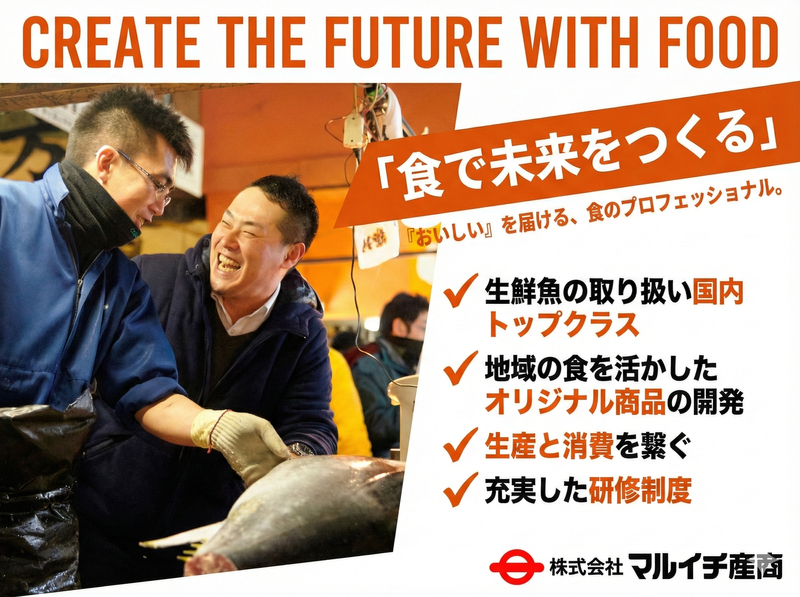 株式会社マルイチ産商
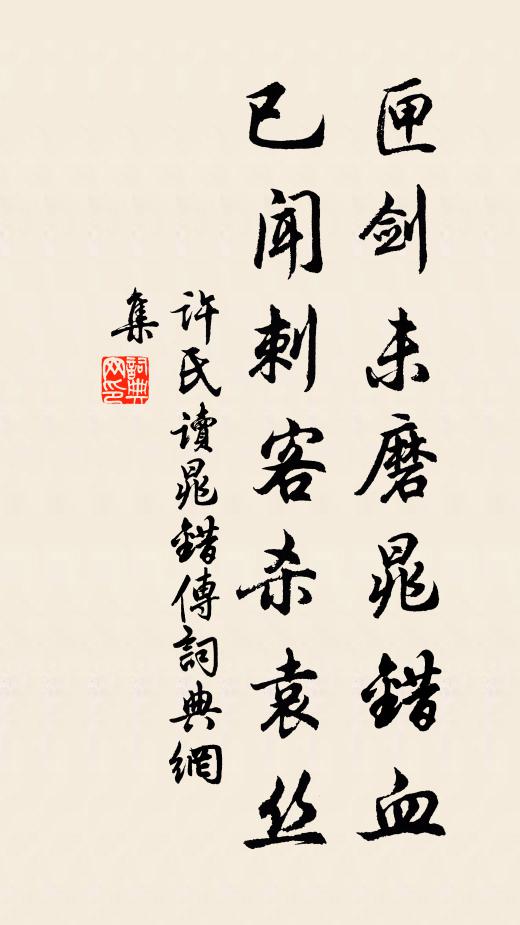 班退笙鏞猶在耳,五弦歌舜未須夸 詩詞名句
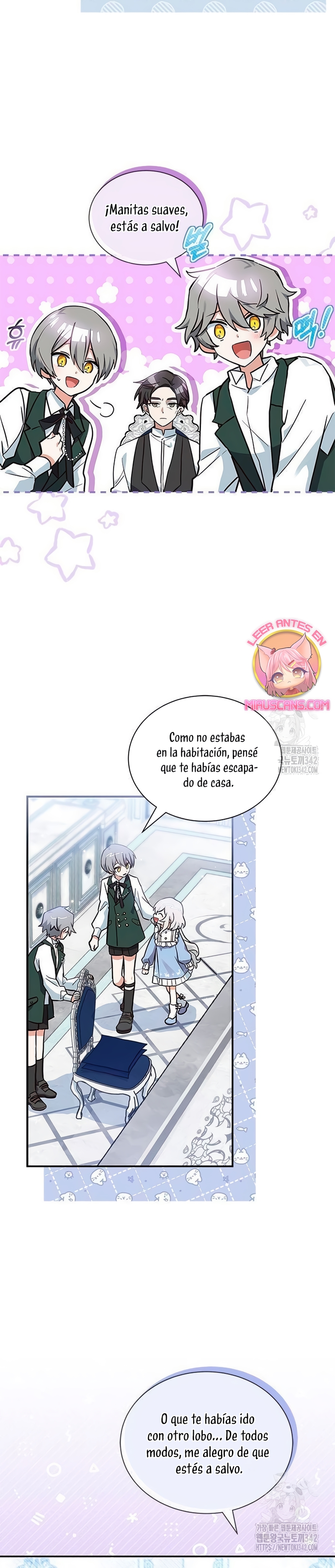 Soy un gato, pero… ¿fui adoptada por una familia de lobos? Capítulo 6 - Página 10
* * * * *
Assigned task
Please copy the data shown above, line by line and exactly, omitting the images.

Reply to the task
 株式会社マルイチ産商
 班退笙鏞猶在耳,五弦歌舜未須夸 詩詞名句
 Soy un gato, pero… ¿fui adoptada por una familia de lobos? Capítulo 6 - Página 10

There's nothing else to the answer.